Stored data

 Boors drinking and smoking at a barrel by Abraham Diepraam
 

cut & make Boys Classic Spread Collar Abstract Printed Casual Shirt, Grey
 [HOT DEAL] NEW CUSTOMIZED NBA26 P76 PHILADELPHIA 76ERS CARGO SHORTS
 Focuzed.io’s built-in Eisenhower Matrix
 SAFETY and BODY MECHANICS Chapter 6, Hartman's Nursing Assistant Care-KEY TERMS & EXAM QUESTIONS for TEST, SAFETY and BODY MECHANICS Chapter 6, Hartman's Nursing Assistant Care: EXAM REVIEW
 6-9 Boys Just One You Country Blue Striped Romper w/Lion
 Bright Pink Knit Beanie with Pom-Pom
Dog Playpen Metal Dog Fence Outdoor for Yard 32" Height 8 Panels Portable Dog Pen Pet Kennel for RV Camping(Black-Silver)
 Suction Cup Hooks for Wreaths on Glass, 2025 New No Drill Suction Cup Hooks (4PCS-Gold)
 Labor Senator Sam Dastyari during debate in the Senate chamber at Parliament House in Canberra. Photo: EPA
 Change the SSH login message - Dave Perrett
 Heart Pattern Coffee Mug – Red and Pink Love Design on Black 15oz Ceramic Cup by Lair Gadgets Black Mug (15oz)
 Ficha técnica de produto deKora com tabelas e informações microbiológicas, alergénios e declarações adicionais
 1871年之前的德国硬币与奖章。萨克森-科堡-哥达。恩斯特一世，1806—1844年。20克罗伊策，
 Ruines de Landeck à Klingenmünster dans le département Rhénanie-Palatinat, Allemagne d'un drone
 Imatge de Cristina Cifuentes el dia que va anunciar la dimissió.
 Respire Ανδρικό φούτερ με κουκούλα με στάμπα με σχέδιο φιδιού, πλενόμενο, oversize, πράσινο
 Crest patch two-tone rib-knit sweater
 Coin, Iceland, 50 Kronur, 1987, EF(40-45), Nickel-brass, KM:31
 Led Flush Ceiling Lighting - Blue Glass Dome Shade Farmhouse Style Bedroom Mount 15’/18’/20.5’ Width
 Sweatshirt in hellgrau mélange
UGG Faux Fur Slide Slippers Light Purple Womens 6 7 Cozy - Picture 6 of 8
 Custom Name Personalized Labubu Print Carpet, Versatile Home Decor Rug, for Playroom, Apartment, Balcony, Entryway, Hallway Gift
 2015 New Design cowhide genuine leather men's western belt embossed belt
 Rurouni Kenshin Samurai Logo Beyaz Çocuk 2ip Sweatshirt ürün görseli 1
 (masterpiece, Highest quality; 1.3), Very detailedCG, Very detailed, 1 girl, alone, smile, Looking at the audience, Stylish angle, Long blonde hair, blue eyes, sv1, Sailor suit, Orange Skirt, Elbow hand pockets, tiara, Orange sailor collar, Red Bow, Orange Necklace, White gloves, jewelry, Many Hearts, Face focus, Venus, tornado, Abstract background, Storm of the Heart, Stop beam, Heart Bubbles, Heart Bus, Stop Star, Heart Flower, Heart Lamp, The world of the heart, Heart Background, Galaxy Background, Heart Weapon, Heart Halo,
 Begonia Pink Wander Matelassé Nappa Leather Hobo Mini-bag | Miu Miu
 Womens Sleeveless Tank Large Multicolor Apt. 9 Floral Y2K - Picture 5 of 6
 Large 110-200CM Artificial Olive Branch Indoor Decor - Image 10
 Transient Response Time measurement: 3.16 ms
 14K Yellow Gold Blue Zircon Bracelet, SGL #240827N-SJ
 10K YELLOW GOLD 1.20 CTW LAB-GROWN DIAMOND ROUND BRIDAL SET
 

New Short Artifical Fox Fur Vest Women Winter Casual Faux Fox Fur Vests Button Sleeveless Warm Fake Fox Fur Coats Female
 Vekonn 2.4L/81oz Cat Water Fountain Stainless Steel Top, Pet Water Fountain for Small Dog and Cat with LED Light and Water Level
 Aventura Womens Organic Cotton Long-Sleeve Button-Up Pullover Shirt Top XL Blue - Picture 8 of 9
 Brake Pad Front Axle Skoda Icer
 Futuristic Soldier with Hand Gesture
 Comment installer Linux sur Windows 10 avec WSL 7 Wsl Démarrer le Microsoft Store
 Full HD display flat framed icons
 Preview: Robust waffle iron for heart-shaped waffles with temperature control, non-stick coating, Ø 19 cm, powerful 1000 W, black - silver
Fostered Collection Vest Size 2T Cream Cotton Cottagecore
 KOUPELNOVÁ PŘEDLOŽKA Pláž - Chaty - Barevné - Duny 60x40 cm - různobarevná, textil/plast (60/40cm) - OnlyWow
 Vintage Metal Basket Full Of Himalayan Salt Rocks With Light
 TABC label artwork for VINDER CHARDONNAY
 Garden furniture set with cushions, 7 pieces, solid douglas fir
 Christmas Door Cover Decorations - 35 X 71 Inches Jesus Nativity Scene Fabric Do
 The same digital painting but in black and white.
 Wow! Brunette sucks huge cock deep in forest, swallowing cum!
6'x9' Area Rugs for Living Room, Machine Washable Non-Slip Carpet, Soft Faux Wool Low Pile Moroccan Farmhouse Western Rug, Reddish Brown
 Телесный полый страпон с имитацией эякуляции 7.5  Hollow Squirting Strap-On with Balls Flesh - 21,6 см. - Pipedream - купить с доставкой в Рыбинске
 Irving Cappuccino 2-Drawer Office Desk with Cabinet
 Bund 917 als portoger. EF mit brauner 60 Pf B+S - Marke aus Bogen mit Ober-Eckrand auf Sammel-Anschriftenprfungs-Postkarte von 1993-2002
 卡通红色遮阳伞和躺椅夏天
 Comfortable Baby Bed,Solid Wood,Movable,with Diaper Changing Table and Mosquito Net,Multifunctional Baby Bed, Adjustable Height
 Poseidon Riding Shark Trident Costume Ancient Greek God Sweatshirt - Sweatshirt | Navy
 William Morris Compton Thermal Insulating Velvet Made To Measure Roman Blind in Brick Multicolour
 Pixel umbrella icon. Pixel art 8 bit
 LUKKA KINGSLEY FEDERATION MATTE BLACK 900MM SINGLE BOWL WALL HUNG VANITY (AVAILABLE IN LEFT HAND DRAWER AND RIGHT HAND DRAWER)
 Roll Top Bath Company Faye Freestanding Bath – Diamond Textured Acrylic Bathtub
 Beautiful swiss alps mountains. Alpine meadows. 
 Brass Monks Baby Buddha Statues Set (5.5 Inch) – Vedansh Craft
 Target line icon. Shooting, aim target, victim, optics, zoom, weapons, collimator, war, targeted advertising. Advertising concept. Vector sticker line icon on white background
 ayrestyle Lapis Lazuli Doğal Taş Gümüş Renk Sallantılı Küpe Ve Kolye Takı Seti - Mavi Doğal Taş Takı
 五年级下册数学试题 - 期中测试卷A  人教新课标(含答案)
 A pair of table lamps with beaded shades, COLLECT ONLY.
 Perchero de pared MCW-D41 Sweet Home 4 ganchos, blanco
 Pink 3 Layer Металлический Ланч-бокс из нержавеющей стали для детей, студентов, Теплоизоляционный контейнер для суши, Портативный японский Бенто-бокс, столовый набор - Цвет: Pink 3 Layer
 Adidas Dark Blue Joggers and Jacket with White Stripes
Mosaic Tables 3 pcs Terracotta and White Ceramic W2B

Requirement: Show, from the records above, every line that includes "Carpet".

Output for this exercise:
 Custom Name Personalized Labubu Print Carpet, Versatile Home Decor Rug, for Playroom, Apartment, Balcony, Entryway, Hallway Gift
6'x9' Area Rugs for Living Room, Machine Washable Non-Slip Carpet, Soft Faux Wool Low Pile Moroccan Farmhouse Western Rug, Reddish Brown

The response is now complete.